Today I was changing the blade to a dado stack. With the blade off, I raised the shaft up to make it easier to reach when I noticed a spiral pattern in the dust on the elevating shaft. A quick look and I saw the noise maker. The pulley on the motor was rubbing on the shaft.

That meant I had to take the top off but the fix was simple enough. What I found was that set screw was missing in the pulley. Probably laying somewhere in the sawdust. I ran a HUGE old TV magnet in there but found nothing but the metal cabinet. Luckily I had a set screw in my parts. Put it back together, aligned it and no noise!
 
Jeff I am laughing, not at you but the situation. I had something similar on my bandsaw. With a very low amount of shop time, when I do get in my shop, I go, go,go...

So stopping to fix a rubbing noise is not something that I want to do.
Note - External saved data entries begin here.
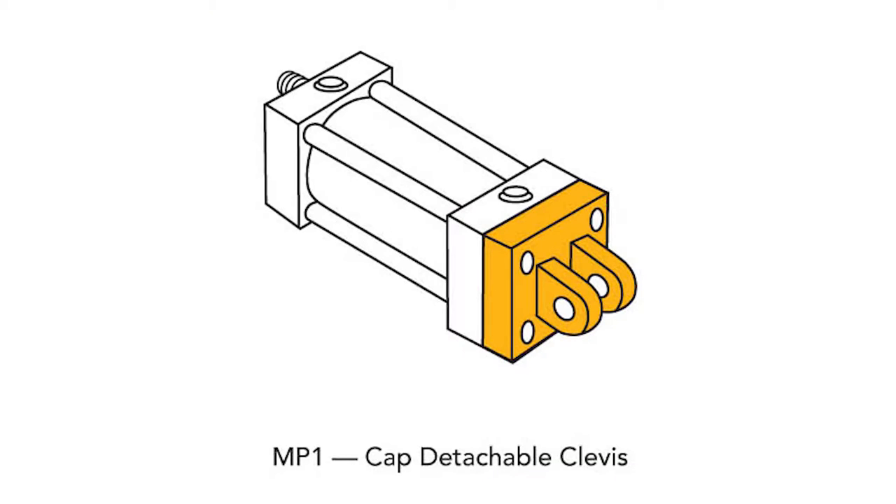Of course. Probably the most common designs are the MP1, which is a fixed clevis, and the MP2, which is the detachable clevis. The fixed clevis is part of the cap itself. A detachable clevis is bolted to the cap, and both allow engagement to a clevis mounting bracket with a steel pin held in place with cotter pins or snap rings.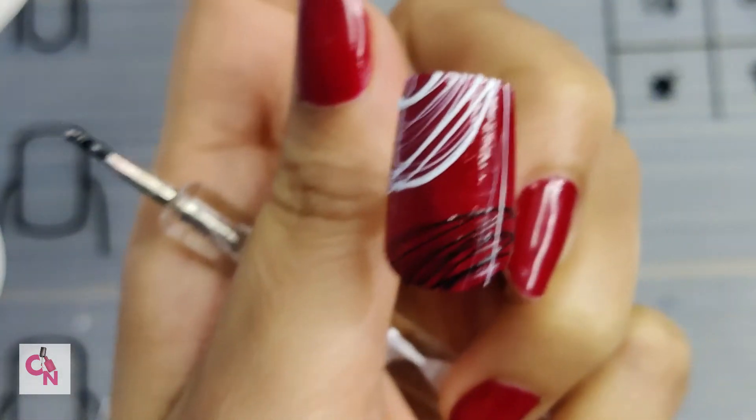Depending on which spider gel you are using, you can cure it for about 30 seconds or 60 seconds. It's better if you talk to your seller and ask the brand how long you need to cure it. So these are done — let me show you how it looks cured. We have one more left.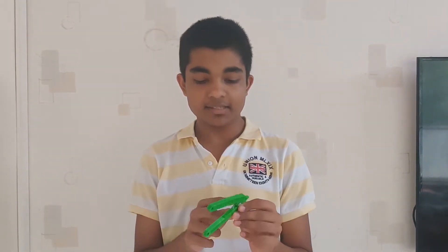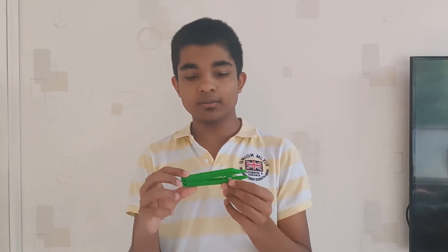Hi, I'm Arav and I have designed and made this Pista opener. It is 3D printed. It has a hinge here and a nut and a bolt. It will hold the two parts together.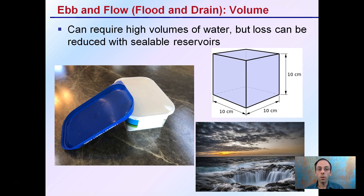There is a volume consideration — this system typically requires high volumes of water, but losses can be reduced with sealable reservoirs. Keep in mind you don't want the reservoir to be completely airtight; just a lid over it to help reduce evaporation loss. If water is lost at an increased rate, the nutrient solution in the reservoir may become more concentrated if it's not monitored. Ebb and flow is a very popular and efficient method that should be considered for any grow operation.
When my bandsaw broke a blade, I finally tore it down to find the pulley had moved and was hitting the guard around the bandsaw. It was a 5 minute fix and yet I let it go one for a few months.
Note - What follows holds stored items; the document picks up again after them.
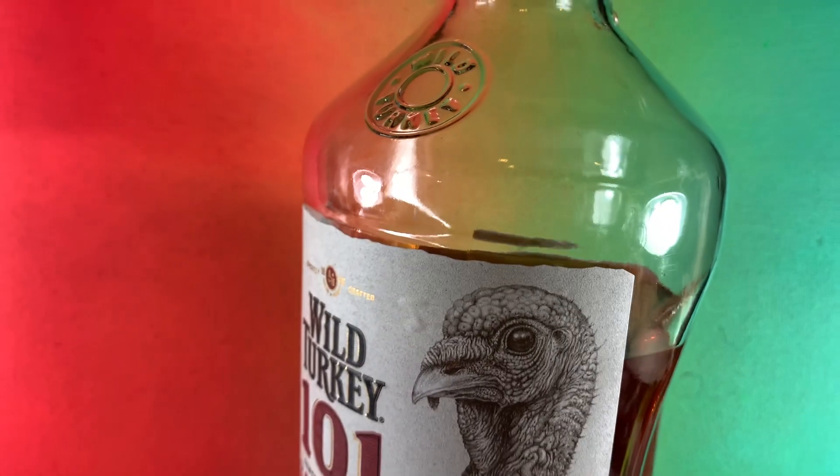We did some damage to this bottle of Wild Turkey 101. We just drank — we didn't also do drugs. Drugs are dangerous. Don't do drugs. I've never done drugs; I've never even smoked marijuana, actually. Should we have recorded first and drank second? Yes! But we didn't.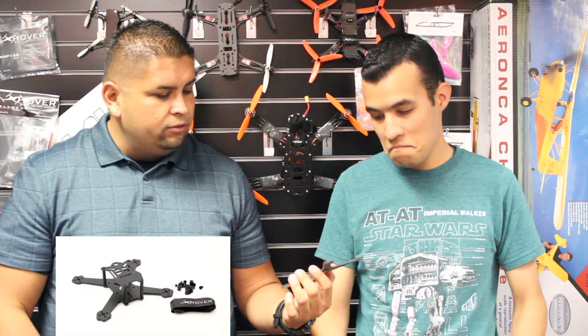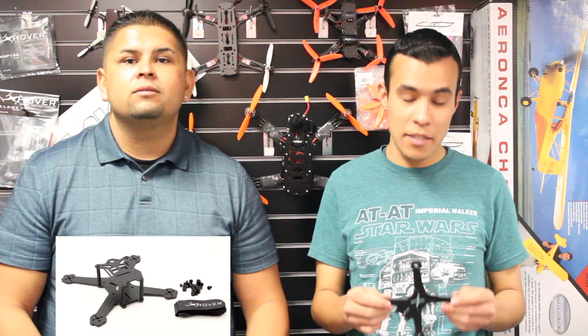What do you think about the frame, George? It's a very compact frame — it's pretty small. Definitely going to be able to pick up a lot of speed just because it is very, very light. Personally owning a 150-size frame, it's incredibly fast with the 1306 motors on there.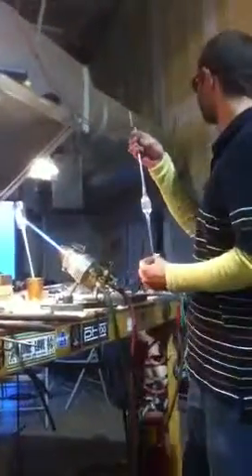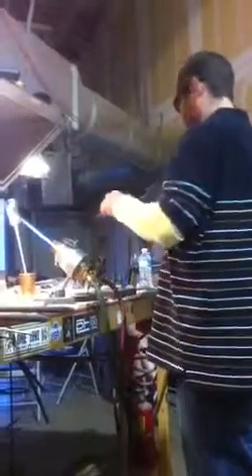This is how fiber optic works. They pulled this glass out real thin and put it in a tube and turn the lights over to the cloud.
I am hoping that maybe this fall I can go through my shop and adjust and reset all my tools to straight, square, level and flat. I used to do this once a month but ever since the baby came along, I just have not had the time.
 
Jeff I am laughing, not at you but the situation. I had something similar on my bandsaw. With a very low amount of shop time, when I do get in my shop, I go, go,go...

So stopping to fix a rubbing noise is not something that I want to do. When my bandsaw broke a blade, I finally tore it down to find the pulley had moved and was hitting the guard around the bandsaw. It was a 5 minute fix and yet I let it go one for a few months.

I am hoping that maybe this fall I can go through my shop and adjust and reset all my tools to straight, square, level and flat. I used to do this once a month but ever since the baby came along, I just have not had the time.

Travis you don't have to adjust all the tools at the same time. Just do 1 each time you go out to the shop or one a week.
 
Jeff, I had a similar problem recently with my Delta midi lathe. It's a little over 5 years old, and it had been making a light "clack-clack-clack-clack" sound, especially when spinning down after I turned it off.

I assumed the problem was in one of the headstock bearings. I had heard that it was a good idea to replace the stock bearings; they could almost be counted on to fail, etc.

So ... I pulled the whole spindle assembly apart and figured out how to get the bearings off. When I spun each bearing by hand I couldn't hear anything like a "clack" but I could discern a slight dragging noise in one of them. I got out my digital calipers, measured the width, the outer diameters, the inner diameters, and then went online to discover the wonderful world of bearings. :doh:

A couple hours of research later, I had blazed a torturous web path from very expensive industrial bearings to the run-of-the-mill kind I really needed ... at an eBay store! I ordered 'em ... they arrived in a few days.

I reassembled the headstock spindle assembly with the new bearing set, turned the machine on ... and still got the light "clack-clack-clack-clack". :eek: Huh?

"Duh!" I said to myself, "I didn't even think about the bearings on the lower pulley shaft." (Shows what a noob I am ... that would be the shaft turned by the motor. Exactly where bearings don't belong! :rofl:) In the process of learning that the motor shaft didn't have external bearings, I noticed ... that ... I could turn the pulley a short distance back-and-forth on the motor shaft!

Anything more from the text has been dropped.